本発明は、アルミニウム合金軟質箔(以下、適宜「軟質箔」という)に関するものであり、詳細には、強度に優れたアルミニウム合金軟質箔に関するものである。
アルミニウム箔及びアルミニウム合金箔は、日用品、食料品、薬品等の包装用途、建築材、車両、船舶等の断熱用途、コンデンサ、基板等の電気機器用途といった非常に広い用途に使用されている。
そして、このようなアルミニウム箔及びアルミニウム合金箔について、強度を優れたものとするため、様々な技術が提案されている。
例えば、特許文献1には、重量%で、Fe:0.7〜2.0%を含有し、残部がAl及び不可避的不純物からなるアルミニウム合金につき、熱間圧延後、冷間圧延中において中間焼鈍を行わずに箔製品まで加工率97%以上の強加工した後、300〜450℃の範囲で仕上げ焼鈍を施すことを特徴とするアルミニウム箔の製造方法が提案されている。
また、特許文献2には、重量%で、Fe:0.8〜2.0%を含有すると共に、Si:0.15%以下に規制し、且つFe/Si比を15以上に調整し、不可避的不純物元素をそれぞれ0.05%以下に規制し、結晶粒径が15μm以下であることを特徴とするアルミニウム箔が提案されている。
特開平2−80541号公報 特開平3−120332号公報
特許文献1、2に提案された技術は、いずれも強度の向上を課題の一つとして掲げているため、ある程度、高い強度のアルミニウム合金軟質箔を得ることができる。
しかしながら、アルミニウム合金軟質箔の強度の向上に対する要望は強く、更なる強度の向上が求められている。
そこで、本発明は、強度に優れたアルミニウム合金軟質箔を提供することを課題とする。
本発明者は、アルミニウム合金軟質箔の強度を高くするために、亜結晶粒(subgrain)組織を含む傾角が5°を超える結晶粒(以下、適宜「サブグレインを含む結晶粒」という)に着目するとともに、このサブグレインを含む結晶粒と軟質箔の強度との関連性を数多くの実験結果から導き出すことにより、本発明を創出するに至った。
すなわち、本発明に係るアルミニウム合金軟質箔は、Fe:0.70〜1.40質量%を含有し、残部がAl及び不可避的不純物であり、表面において、傾角が5°を超える結晶粒の平均結晶粒径は3.5μm以下であることを特徴とする。
このアルミニウム合金軟質箔によれば、所定量のFeを含有し、傾角が5°を超える結晶粒の平均結晶粒径を所定値以下としていることから、強度に優れたものとなる。

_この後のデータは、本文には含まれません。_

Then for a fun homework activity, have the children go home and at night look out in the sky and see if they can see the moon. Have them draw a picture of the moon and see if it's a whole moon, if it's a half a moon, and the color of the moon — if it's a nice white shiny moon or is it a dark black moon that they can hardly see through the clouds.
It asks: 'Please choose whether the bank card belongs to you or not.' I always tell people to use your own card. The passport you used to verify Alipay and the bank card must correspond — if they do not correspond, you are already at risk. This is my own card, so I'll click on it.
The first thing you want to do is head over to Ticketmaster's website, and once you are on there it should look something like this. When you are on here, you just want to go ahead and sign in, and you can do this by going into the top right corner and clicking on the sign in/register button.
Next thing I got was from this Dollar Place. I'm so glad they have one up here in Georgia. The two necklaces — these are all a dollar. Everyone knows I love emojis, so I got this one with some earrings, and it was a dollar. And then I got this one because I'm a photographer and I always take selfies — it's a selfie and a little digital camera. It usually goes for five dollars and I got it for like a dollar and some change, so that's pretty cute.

本発明に係るアルミニウム合金軟質箔は、合金成分の含有量を所定範囲とし、傾角が5°を超える結晶粒の平均結晶粒径を所定値以下とすることによって、優れた強度を発揮することができる。
サブグレインを含む結晶粒の組織状態を確認するための箔表面の画像(供試材1の画像)である。 サブグレインを含む結晶粒についてEBSD法により結晶粒解析した結果(供試材1の結果)である。

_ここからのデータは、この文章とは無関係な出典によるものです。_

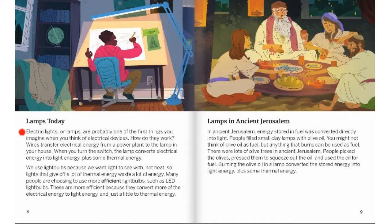Lamps Today. Electrical lights, or lamps, are probably one of the first things you imagine when you think of electrical devices. How do they work? Wires transfer electrical energy from a power plant to the lamp in your house. When you turn the switch, the lamp converts electrical energy into light energy, plus some thermal energy. We use light bulbs because we want light to see by, not heat. So lights that give off a lot of thermal energy waste a lot of energy. Many people are choosing to use more efficient light bulbs, such as LED light bulbs. These are more efficient because they convert more of the electrical energy to light energy, and just a little to thermal energy.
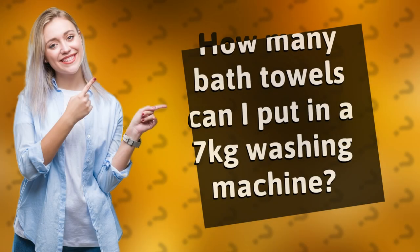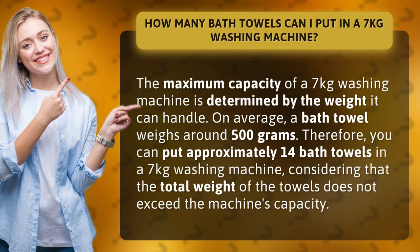How many bath towels can I put in a 7kg washing machine? The maximum capacity of a 7kg washing machine is determined by the weight it can handle. On average, a bath towel weighs around 500g.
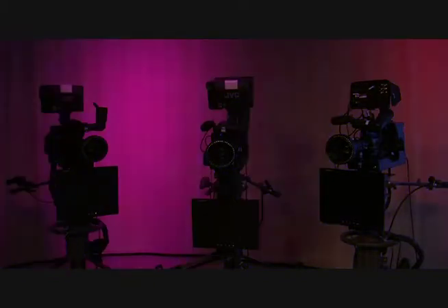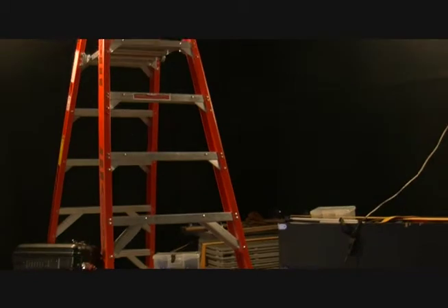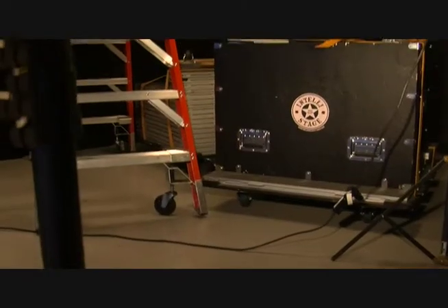CreateTV also has an intricate lighting setup that features its very own light board with multiple controls and functions. You will learn how to light your set exactly how you want it to look on screen. CreateTV has all of the equipment that you require so you can broaden your range of technical ability and create intricate designs at your own choosing.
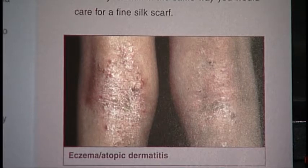Dry, itchy, red, rash. Dr. Anna McGee of Charlottesville Dermatology lays out the symptoms and signs of eczema.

以下、本発明に係るアルミニウム合金軟質箔を実施するための形態について、詳細に説明する。
[アルミニウム合金軟質箔]
本実施形態に係る軟質箔は、所定量のFeを含有し、残部がAl及び不可避的不純物であり、表面において、傾角が5°を超える結晶粒の平均結晶粒径が所定値以下である。

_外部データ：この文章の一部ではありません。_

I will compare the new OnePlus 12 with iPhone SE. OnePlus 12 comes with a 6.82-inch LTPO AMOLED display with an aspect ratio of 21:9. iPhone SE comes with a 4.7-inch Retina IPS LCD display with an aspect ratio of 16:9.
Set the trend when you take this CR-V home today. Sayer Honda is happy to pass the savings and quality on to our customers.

そして、本実施形態に係る軟質箔の厚さは特に限定されないものの、例えば、5〜100μmであり、好ましくは80μm以下であり、さらに好ましくは50μm以下である。また、本実施形態に係る軟質箔を日用品、食料品、薬品等の包装用途に適用する場合、厚さは10μm以下が特に好ましい。なお、本実施形態に係る軟質箔は、後記のとおり中間焼鈍を行わずに製造する直通材である。
以下、本実施形態に係る軟質箔の合金成分の含有量、サブグレインを含む結晶粒の平均結晶粒径について、数値限定した理由を説明する。
(Fe:0.70〜1.40質量%)
Feは、強度を付与するための成分であって、Al−Fe系金属間化合物を形成させるとともに、軟質箔にサブグレインを含む結晶粒を形成させ、且つ微細にするために添加する。Feの含有量が0.70質量%未満では、サブグレインを含む結晶粒の平均結晶粒径が大きくなってしまい、十分な強度が得られない。一方、Feの含有量が1.40質量%を超えると、粗大なAl−Fe系金属間化合物が多くなり、重合箔圧延が困難になる可能性が高くなる。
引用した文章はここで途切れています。